SOCIEDADE E COMPORTAMENTOREFLEXÕES SOBRE A VIDAPSICOLOGIA E COMPORTAMENTO

Psicóloga Janaína Gomes

1/25/20252 min read

O mito da meritocracia.
O mito da meritocracia.

"Se você se esforçar o suficiente, vai chegar lá." Essa frase, repetida como um mantra motivacional, é a espinha dorsal da meritocracia: a ideia de que todos têm as mesmas chances de vencer, desde que trabalhem duro.

Mas será que isso é verdade? Ou será que a meritocracia é apenas um mito confortável que nos impede de olhar para as desigualdades estruturais?

Imagine uma corrida onde todos largam do mesmo ponto, mas alguns têm sapatos de corrida de última geração, enquanto outros estão descalços. Agora imagine que alguns nem sequer estão na pista, mas presos atrás de muros altos que precisam escalar antes de começar a correr.

Essa é a realidade da meritocracia no mundo real. Não é uma corrida justa. É uma competição onde o ponto de partida de cada pessoa é determinado por fatores que estão fora de seu controle: a família em que nasceu, a educação que teve acesso, sua cor de pele, gênero, ou até mesmo o bairro onde cresceu.

Dizer que o sucesso depende apenas do esforço é ignorar essas desigualdades estruturais.

Quem defende a meritocracia muitas vezes não enxerga os privilégios que possui. Afinal, privilégios são como o ar: quem os tem não percebe, mas quem não os tem sente a falta.

Privilégio não significa que sua vida foi fácil; significa apenas que certos obstáculos não estavam no seu caminho. Se você teve acesso a uma boa escola, uma rede de contatos ou até mesmo a tranquilidade de crescer em um ambiente seguro, já começou a corrida com vantagem.

A meritocracia parte do princípio de que todos têm a mesma capacidade de esforço. Mas será que isso é verdade?

Pense em alguém que trabalha dois empregos para sustentar a família e ainda tenta estudar à noite. O esforço dessa pessoa é imenso, mas ela compete no mercado com alguém que teve tempo e recursos para fazer um intercâmbio ou uma pós-graduação. O esforço dela vale menos?

O lado mais cruel da meritocracia é que ela transforma o fracasso em culpa individual. Se você não “chegou lá”, é porque não tentou o suficiente, certo? Errado.

Essa narrativa ignora que o sistema é feito para que nem todos vençam. O mercado de trabalho, por exemplo, não tem vagas para todos os formados. A competição é desenhada para excluir. Mas, em vez de questionarmos o sistema, culpamos os indivíduos.
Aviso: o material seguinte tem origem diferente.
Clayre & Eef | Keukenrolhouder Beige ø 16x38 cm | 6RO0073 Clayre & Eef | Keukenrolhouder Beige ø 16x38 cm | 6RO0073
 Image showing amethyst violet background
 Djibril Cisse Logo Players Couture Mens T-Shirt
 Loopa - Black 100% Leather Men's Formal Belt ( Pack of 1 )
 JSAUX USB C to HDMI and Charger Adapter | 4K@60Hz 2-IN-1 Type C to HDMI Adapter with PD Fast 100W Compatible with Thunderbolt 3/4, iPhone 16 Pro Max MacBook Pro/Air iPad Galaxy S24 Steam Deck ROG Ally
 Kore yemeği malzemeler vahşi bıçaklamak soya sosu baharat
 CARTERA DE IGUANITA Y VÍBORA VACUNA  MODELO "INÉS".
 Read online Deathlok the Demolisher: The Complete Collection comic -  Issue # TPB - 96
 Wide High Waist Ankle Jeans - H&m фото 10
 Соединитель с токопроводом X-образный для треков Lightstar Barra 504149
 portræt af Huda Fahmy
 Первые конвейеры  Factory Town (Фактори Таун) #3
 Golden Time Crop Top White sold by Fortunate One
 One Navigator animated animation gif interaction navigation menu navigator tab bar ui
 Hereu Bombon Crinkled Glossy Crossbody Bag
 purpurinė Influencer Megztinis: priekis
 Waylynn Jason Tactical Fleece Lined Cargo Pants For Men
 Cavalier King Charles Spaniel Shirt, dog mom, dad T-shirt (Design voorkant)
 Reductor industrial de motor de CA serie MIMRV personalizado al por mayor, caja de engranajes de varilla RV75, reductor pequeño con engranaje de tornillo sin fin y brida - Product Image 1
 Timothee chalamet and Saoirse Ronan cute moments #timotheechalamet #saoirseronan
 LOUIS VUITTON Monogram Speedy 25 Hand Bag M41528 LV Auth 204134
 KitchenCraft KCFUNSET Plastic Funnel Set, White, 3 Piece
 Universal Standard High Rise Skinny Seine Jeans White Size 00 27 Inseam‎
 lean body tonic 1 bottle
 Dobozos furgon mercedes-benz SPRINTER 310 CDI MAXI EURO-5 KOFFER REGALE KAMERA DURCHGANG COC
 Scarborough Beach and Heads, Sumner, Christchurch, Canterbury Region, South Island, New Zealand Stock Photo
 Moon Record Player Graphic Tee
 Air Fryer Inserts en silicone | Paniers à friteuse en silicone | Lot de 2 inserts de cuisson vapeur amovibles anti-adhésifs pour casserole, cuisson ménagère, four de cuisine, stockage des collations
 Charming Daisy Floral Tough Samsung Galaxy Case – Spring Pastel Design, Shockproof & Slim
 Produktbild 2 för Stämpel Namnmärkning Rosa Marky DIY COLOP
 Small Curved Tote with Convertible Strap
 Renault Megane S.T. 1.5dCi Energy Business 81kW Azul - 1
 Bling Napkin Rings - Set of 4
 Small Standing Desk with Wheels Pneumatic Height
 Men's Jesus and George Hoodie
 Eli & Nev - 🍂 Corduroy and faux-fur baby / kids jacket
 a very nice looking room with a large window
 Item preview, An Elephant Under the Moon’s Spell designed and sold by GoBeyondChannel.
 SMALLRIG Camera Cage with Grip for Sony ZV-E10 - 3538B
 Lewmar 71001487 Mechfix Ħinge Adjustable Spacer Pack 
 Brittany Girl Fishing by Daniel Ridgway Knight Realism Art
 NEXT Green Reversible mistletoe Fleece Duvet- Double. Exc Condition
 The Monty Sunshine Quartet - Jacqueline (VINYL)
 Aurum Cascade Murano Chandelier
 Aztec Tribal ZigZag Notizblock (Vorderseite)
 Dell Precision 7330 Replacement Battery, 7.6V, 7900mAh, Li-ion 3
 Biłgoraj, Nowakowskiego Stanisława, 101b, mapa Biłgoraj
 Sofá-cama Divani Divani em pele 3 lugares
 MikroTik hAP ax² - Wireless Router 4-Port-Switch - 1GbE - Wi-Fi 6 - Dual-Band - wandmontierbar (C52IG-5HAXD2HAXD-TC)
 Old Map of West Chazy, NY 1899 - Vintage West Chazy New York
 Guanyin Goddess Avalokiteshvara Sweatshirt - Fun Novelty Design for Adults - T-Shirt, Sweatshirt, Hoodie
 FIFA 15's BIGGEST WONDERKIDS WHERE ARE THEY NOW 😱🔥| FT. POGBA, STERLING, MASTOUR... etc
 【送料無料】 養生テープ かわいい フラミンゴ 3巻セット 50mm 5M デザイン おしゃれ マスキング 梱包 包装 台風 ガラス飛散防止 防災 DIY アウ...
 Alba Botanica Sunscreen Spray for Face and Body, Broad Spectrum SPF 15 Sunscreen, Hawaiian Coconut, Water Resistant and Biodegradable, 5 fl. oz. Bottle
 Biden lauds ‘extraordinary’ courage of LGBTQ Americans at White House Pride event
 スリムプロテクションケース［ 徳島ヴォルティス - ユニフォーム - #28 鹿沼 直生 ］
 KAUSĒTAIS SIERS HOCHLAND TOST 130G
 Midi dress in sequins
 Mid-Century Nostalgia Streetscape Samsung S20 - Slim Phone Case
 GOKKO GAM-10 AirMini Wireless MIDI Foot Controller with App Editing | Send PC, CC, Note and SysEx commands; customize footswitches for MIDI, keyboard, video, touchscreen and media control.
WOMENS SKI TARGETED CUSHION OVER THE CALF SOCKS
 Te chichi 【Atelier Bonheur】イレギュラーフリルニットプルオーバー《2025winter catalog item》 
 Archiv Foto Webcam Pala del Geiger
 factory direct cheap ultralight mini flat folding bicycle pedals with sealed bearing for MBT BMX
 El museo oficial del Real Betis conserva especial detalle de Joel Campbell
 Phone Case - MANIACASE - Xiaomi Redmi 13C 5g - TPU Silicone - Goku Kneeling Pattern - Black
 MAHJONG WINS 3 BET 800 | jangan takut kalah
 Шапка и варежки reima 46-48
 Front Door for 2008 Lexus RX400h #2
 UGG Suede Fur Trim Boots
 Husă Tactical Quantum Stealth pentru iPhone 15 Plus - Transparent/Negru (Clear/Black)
Desconstruir a ideia de meritocracia não significa defender o fim do esforço ou da ambição. Pelo contrário, significa reconhecer que o mérito só faz sentido em um campo minimamente equilibrado.

Isso passa por políticas públicas que garantam igualdade de oportunidades, como educação de qualidade, saúde acessível e combate ao racismo e à discriminação de gênero. Passa por admitir que, sem redistribuição de privilégios, a meritocracia continuará sendo uma farsa conveniente para quem já está no topo.

A meritocracia é uma ideia sedutora porque nos dá a ilusão de controle: se eu trabalhar duro, vou vencer. Mas a realidade é muito mais complexa e, muitas vezes, injusta.

Reconhecer isso não é desistir de lutar, mas entender que, enquanto continuarmos ignorando as desigualdades, o mérito será menos sobre esforço e mais sobre sorte no ponto de partida.

E aí, até quando vamos insistir nesse conto de fadas?